Además de que el viento corre con libertad por toda la casa trayéndome aromas diferentes según la hora del día, la soledad es una buena compañera y muy discreta.
Desde el portón hasta el patio trasero, pasando por cada habitación, todo, se convirtió en una amplísima recámara personal.
Por la mañana me despierto con fragancias de rocío mezcladas con leña ardiente. Los malvones y el sol entran a casa después de las once y los limones, con su ácido perfume, refrescan por la noche. ¡Todo es tan familiar y deliciosamente seguro entre estos muros!
Vivir a puertas abiertas sólo se convierte en un problema cuando, además de la soledad, me acompañan otros visitantes. Entonces retomo la costumbre, no sin algo de fastidio, y cierro las puertas a conveniencia de mis compañías.

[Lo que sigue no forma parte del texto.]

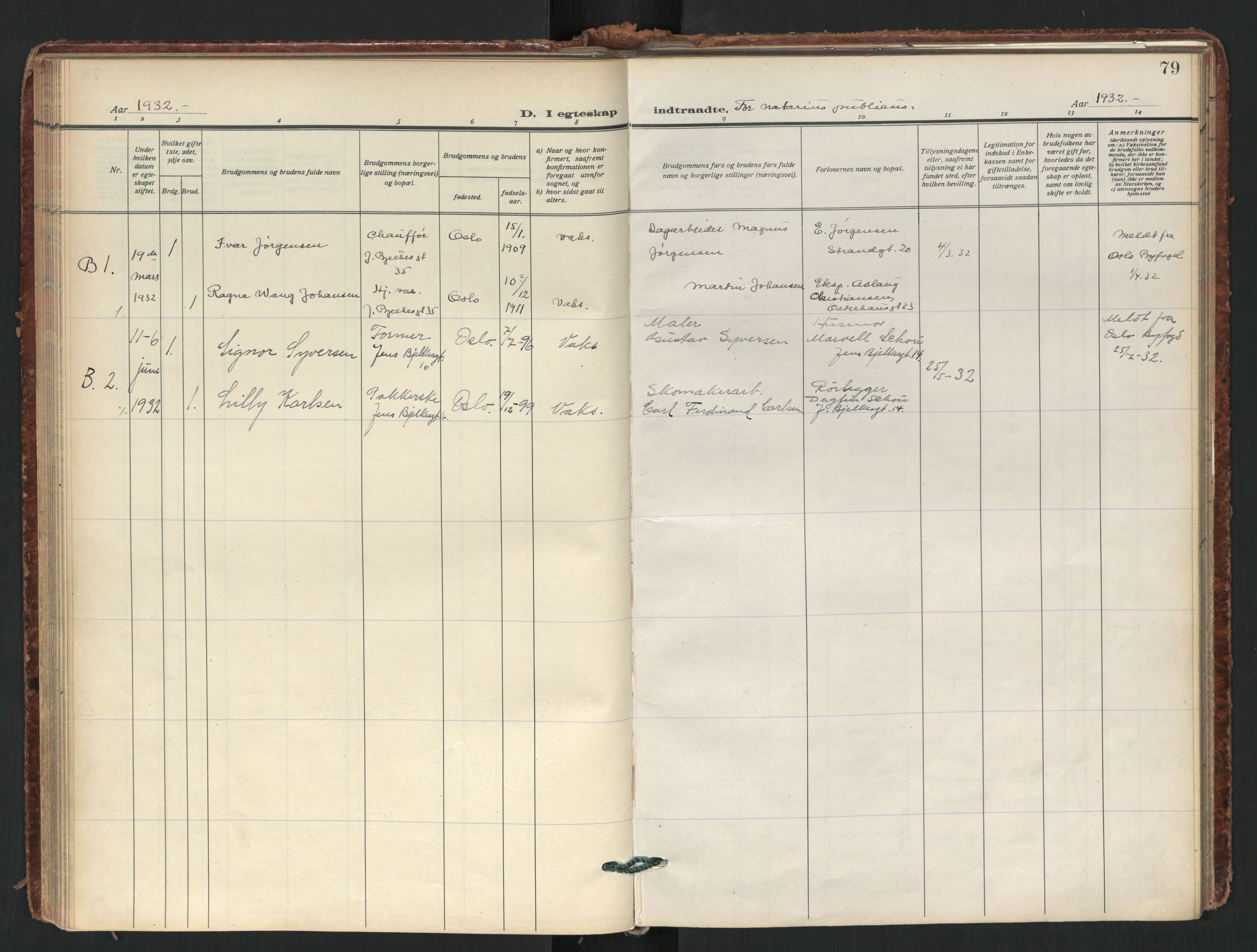 Tøyen prestekontor Kirkebøker, SAO/A-10167a/F/Fa/L0006: Parish register (official) no. 6, 1931-1966, p. 79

Entonces me es inevitable darme cuenta de cuantos cerrojos hemos tenido, la mayoría, que cerrar. El acceso a nuestra vida, nuestros pensamientos, nuestra convivencia es franqueada por portones que impiden a la gente estar demasiado cerca. Nuestros muros de protección se han elevado y, ahora, pocos saben cómo somos y sentimos. Vivimos, casi todo el tiempo, a puerta cerrada.
La imagen de gente tomando un café en los portales de los pueblos o conversando en el atardecer sentados en el corredor de la entrada de sus casas, se están convirtiendo en un pasado que se extingue. Y, al hacerlo, se van cerrando puertas impidiendo que los seres humanos se conecten y comuniquen.
Lo que llaman “las puertas de la tecnología”, en realidad, están cerrando nuestros ojos, las puertas del alma, a las verdaderas maravillas: los juegos con los niños, los paseos bajo la llovizna, las tertulias en el campo, las caminatas en el zoológico, los conciertos en los kioscos y mil cosas espectacularmente simples pero vivas.
A los cincuenta y uno, quisiera recobrar la seguridad de las puertas abiertas para recorrer el paraíso perdido que aún existe allá afuera.